I’d voted for her late husband, actor-producer and National Artist Fernando Poe Jr., and later for her daughter, Grace Poe, during the presidential runs where they placed first and second respectively, according to their most ardent supporters (in spite of what official tallies claimed). The studio that launched her, Sampaguita Pictures, had claims to another aspirant on a similar level: Imelda Marcos, who had screen-tested for them, and whose sudden marriage to the man who would be dictator probably spared them a lot of embarrassment after the couple was deposed by a popular uprising.

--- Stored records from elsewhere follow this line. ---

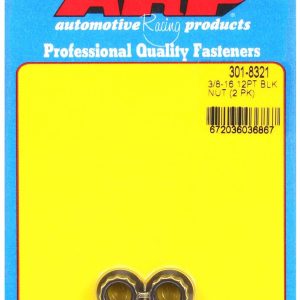 ARP Nut, 12 Point, 3/8 Inch – 16 Thread Size, 7/16 Inch Socket Size, 180000 PSI Tensile Strength, Polished, Stainless Steel, Single – 401-8301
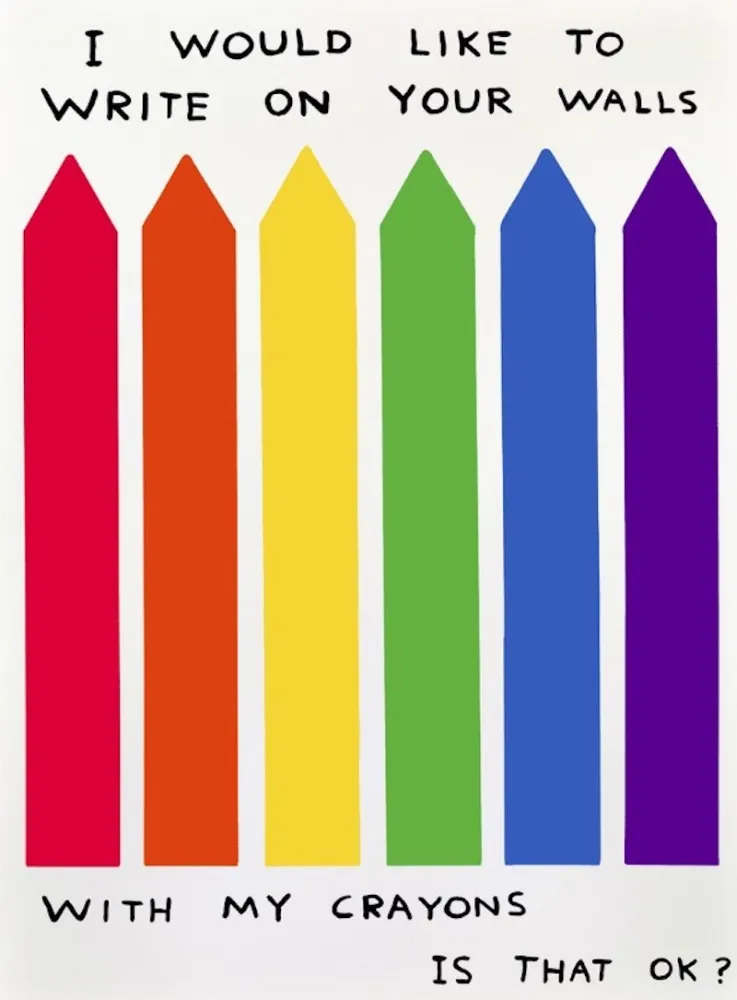 Non Tecnico Shrigley - I would like to write on your wall with my crayons is that OK?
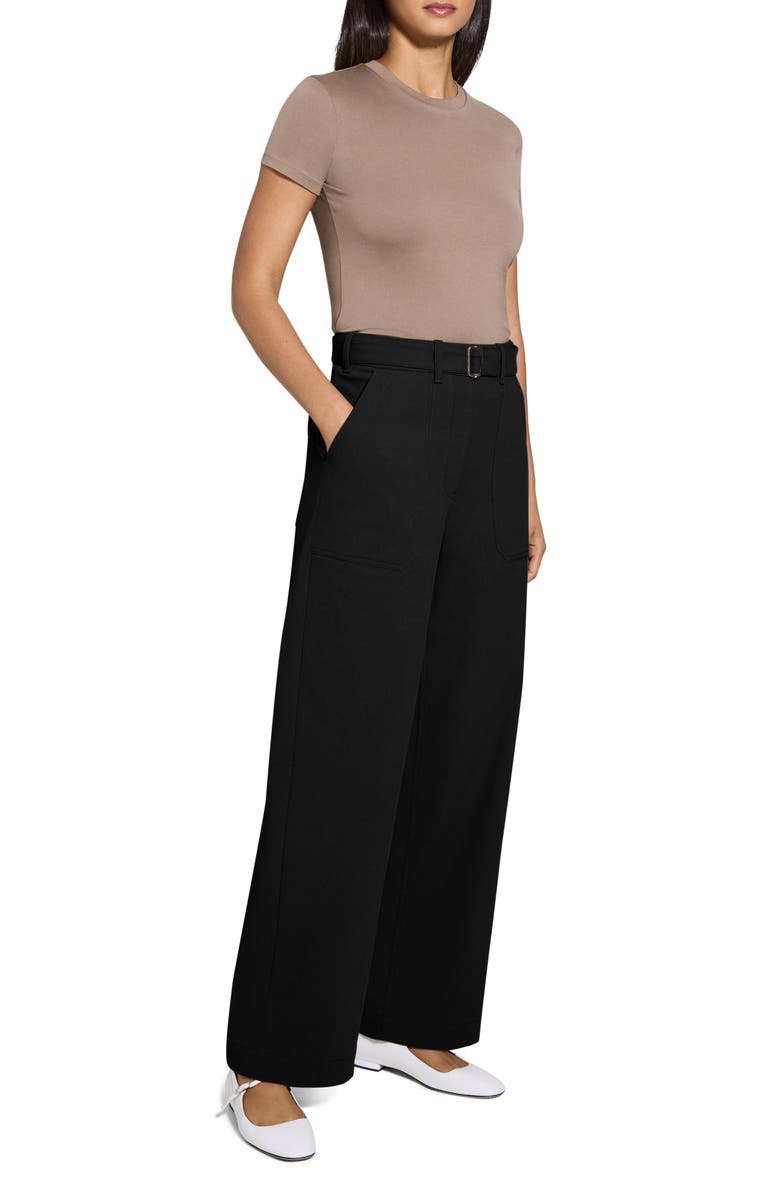 Theory Cotton Blend Utility Pants, Alternate, color, Black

I went over my files and was surprised to find that I had written her a letter, though not as a fan. The book I edited, Huwaran/Hulmahan Atbp.: The Film Writings of Johven Velasco, was being launched at the University of the Philippines; Johven was such a Susanian that he requested, if his collection were to be published, that he appear on the cover along with her. His most important scholarly essays were about her films, but he also wrote an admirable account of his fandom, invoking Jacques Lacan, Laura Mulvey, and most intensively Jackie Stacey, in order to explain his identification: “not based on pretending to be something one is not but rather selecting something which establishes a link … based on a pre-existing part of the spectator’s identity.”

Susan Roces and Fernando Poe Jr. marry in 1968, cementing their showbiz brand as the ‘King and Queen of Philippine Movies.’  
With daughter, Senator Grace Poe. Photo: GMA News

Roces became a star ahead of the generation that finally allowed women to dominate Philippine film production, relegating men to equal status at best, secondary positions more often. The two top movie figures around her time were FPJ (whom she married) and Joseph Estrada, now footnoted as one more deposed Philippine ex-president, although better remembered for his populist antihero roles and empathetic (earlier) performances. Yet again, when I went over the First Golden Age films that were listed by a research team in a forthcoming all-time canon project for Summit Media, two Swanie films were cited: Armando Garces’s Sino ang Maysala? [Who’s at Fault?] and Tony Cayado’s Mga Ligaw na Bulaklak [The Wild Flowers], both from 1957. The latter, in fact, is also figuring strongly in the short study I’m finalizing on working women (the equivalent of the Korean “hostess movie”) in local cinema.

I’m sure Johven would have been able to explain how the best movie stars wind up affecting serious students of popular culture, whether they know it or not. During the launch of his book, one reader was an actor he had trained and who was at that time on his way to becoming the biggest independent-to-mainstream crossover star of the moment. Before reading his assigned excerpt, Coco Martin remarked how he made sure to impress Johven by playing up his resemblance to Susan Roces. That was how Johven knew that Coco would also make it big: he had a “face that refreshes,” as Susan was once described. The lady born Jesusa Sonora has gone, reminding us how so much preferable it would be to live with as much dignity and productivity as we could leave to posterity.

A 2009 book written by Susanian Johven Velasco and edited by the author.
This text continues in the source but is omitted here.